Jane Austen never much liked living in Bath, but two of her novels –
Northanger Abbey and Persuasion – are extensively set in the city, with characters taking the waters at the spas and enjoying the city’s balls and music recitals.
It is in Bath that Anne Elliot and Captain Wentworth, after eight years of heartbreak and loneliness, finally reconcile and renew their engagement.
Austen lovers can visit the Jane Austen Centre or go on a tour of Austen’s Bath, taking in the sites that Austen wrote about in her novels.
Take a stroll along Gravel Walk, the setting of a moving love scene between Anne and Wentworth.
Or enjoy afternoon tea at The Pump Room, once described by Austen as the place where ‘every creature in Bath was to be seen in the room at different periods of the fashionable hours.’
But if Austen’s writing is a little too tame for your liking, the next stop on our tour is Haworth, in Yorkshire – home to three sisters who made an indelible mark on the British literary landscape.
The moors and dales of Yorkshire have inspired writers aplenty, from the Brontë sisters to Ted Hughes and Barry Hines
You may not have heard of Currer, Ellis, and Acton Bell – because these days they’re known by their real names, Charlotte, Emily and Anne Brontë.
The three sisters had to take on male pen-names in order to be taken seriously as women writers in the nineteenth century.
Charlotte’s
Jane Eyre, Emily’s Wuthering Heights and Anne’s The Tenant of Wildfell Hall are all recognised as masterpieces of literature that revolutionised the novel as a genre.
The wild moors and dramatic scenery around Haworth in the West Riding of Yorkshire had a profound influence on their work - so much so that it's hard to walk on the Yorkshire moors without feeling like you're in a Brontë novel.
With a population of just under 200 people, Jura is one of the least densely populated islands of Scotland: red deer outnumber humans almost 30 to 1
See our Jura Barnhill tea towel
Next up, I thought we’d take our tour north into Scotland, home of Rabbie Burns and Sir Walter Scott.
What most people don’t know is that it was in Scotland that George Orwell wrote his most famous novel.

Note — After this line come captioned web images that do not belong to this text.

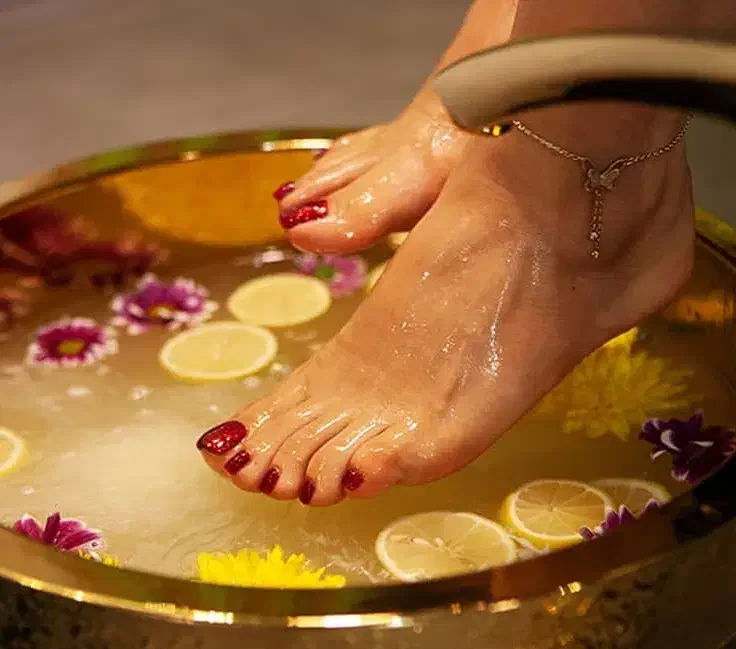 به یک پدیکوریست ماهر در مرکز تخصصی ناخن نیاز مندیم|استخدام درمانی، زیبایی، بهداشتی|سنندج, |دیوار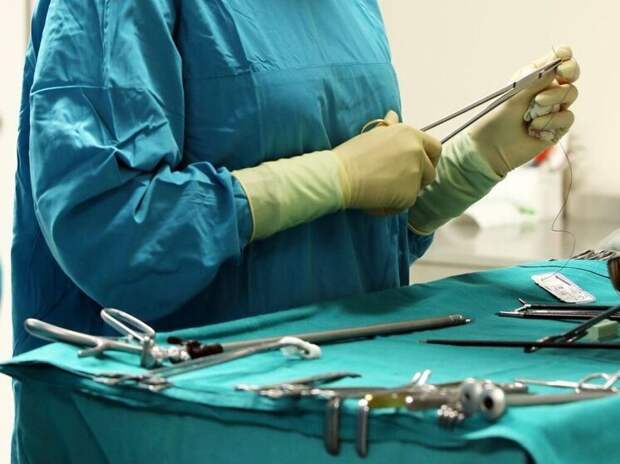 Иркутянка осталась без зубов после установки керамических виниров и требует с клиники 5 млн рублей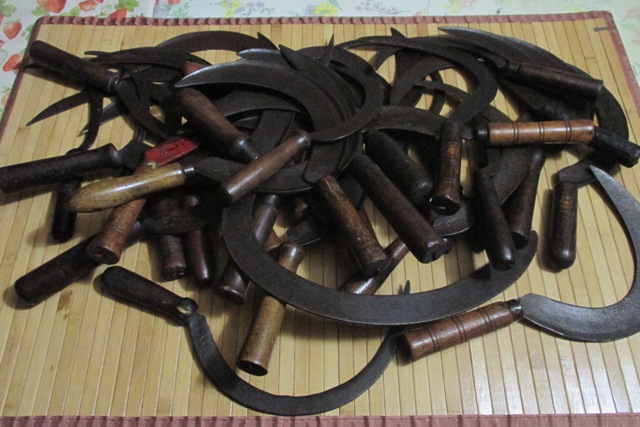 OUTILS ANCIENS - ART POPULAIRE : PAS UNE FAUCILLE
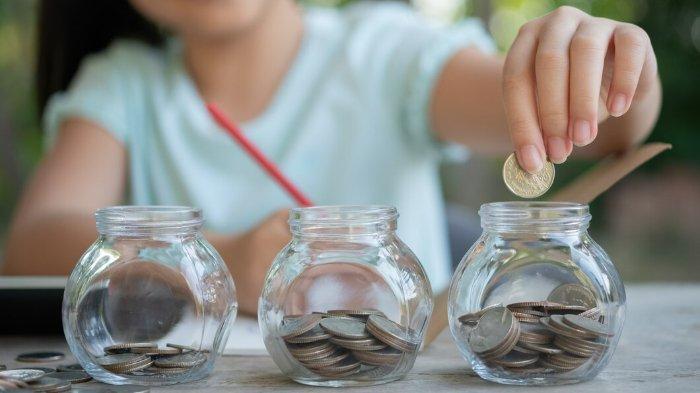 PANTUN MENABUNG - Potret anak menabung dari Freepik.com. Simak kumpulan pantun rajin menabung, motivasi untuk anak-anak agar berhemat, yuk bagikan!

In May 1946, Orwell fled the grind of journalistic life in London and set off to the Isle of Jura, in the Inner Hebrides.
Orwell described Jura as 'extremely un-get-at-able' – and it was this isolation that he was looking for.
He rented a farmhouse in the north of the island intermittently from 1946 and 1948, during which time he wrote and finished the manuscript for
Nineteen Eighty-Four – his dystopian novel about totalitarianism and mass surveillance.
The farmhouse still stands today, and has since become a pilgrimage site for devoted Orwell fans. You can even rent it as a holiday cottage and tread in Orwell’s footsteps!
This year is 75 years since
Nineteen Eighty-Four was published. So it’s no surprise that Orwell’s legacy was one of the big talking-points at this year’s Hay Festival of Literarature and Arts.
Hay-on-Wye also boasts a magnificent ruined castle, dating back to the late 11th century
Founded in 1988, Hay is an annual literature festival held in Hay-on-Wye, Wales.
The festival’s line-ups have included Salman Rushdie, Hilary Mantel, Stephen Fry, Desmond Tutu and so many others – no wonder Bill Clinton called it the ‘Woodstock of the mind’.
It’s a shame the Hay Festival was only founded 36 years ago – I reckon Chaucer would’ve had a whale of a time!